One of my friends has a girlfriend (since about 10:30 this morning). I won’t say which one, because she might not want people to know (NO one from Rl who doesn’t already know reads this but whatever).
I’m extremely happy for them (HOW COULD I NOT BE?) but it got me thinking about my relationship, or lack of.
I have History tomorrow, with Birch. If you don’t know who HE is, he’s the guy with whom I am enamoured. Yes, I like proper grammar.
I’ve had enough.
Tomorrow is the last day. I won’t see him for six weeks.
I’m going to make the most of the hour we have. It’s extremely difficult for me to meet up with people in the holidays for various reasons (blindness, unindependence, living so far away from everyone) so that’s all I can do.
I don’t care any more. Who cares if I get hurt?

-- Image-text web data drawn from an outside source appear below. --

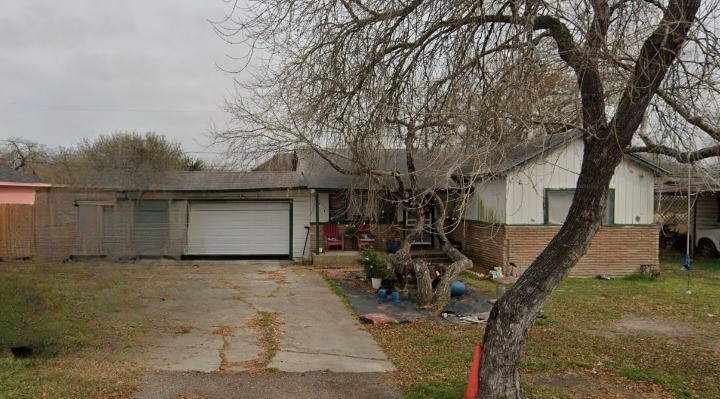 Dwyer Dr, Corpus Christi, TX 78410
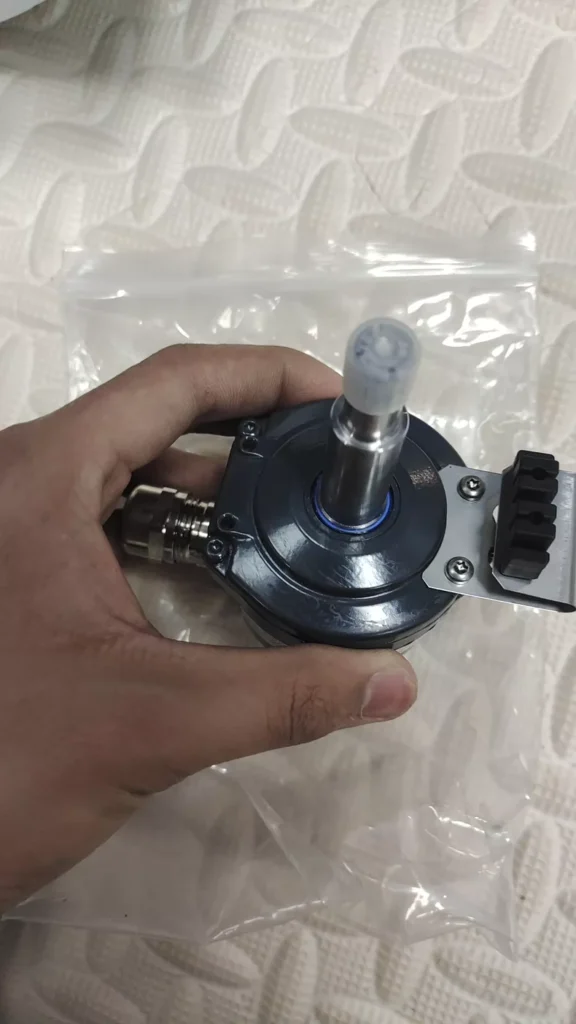 SEW-EURODRIVE Encoder OGS72DN 1024R thumbnail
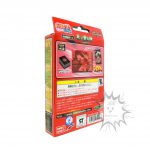 FBD0024 NEW Naruto Miracle Battle Carddass deck Naruto NRS1 Bandai (3)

I want him to know. I want to savour what I HAVE and hold onto that. It’s what I SHOULD do, anyway; I need to live a little.
Perhaps I’m feeling suffocated now; I’m not sure. All I know is that I’ve just had enough of doing NOTHING.
For those of you wondering – yes, there will be banter. By banter, I mean…. What might be construed as ‘flirting’ if you are ANYONE who is not me. Yup. I feel like such a… I don’t even know.
But I need your advice. Should I do this? Should I just let go, for an hour?
CRAP! What if he’s not there? Literally what if he’s not there? What if something else goes wrong?
If he’s not in History tomorrow, I’m telling him how I feel.
Oh god. I’m going to have to hold myself to that, aren’t I?
I’m scared; just a little. Please help? This has turned into an Elm-freaks-out-completely moment.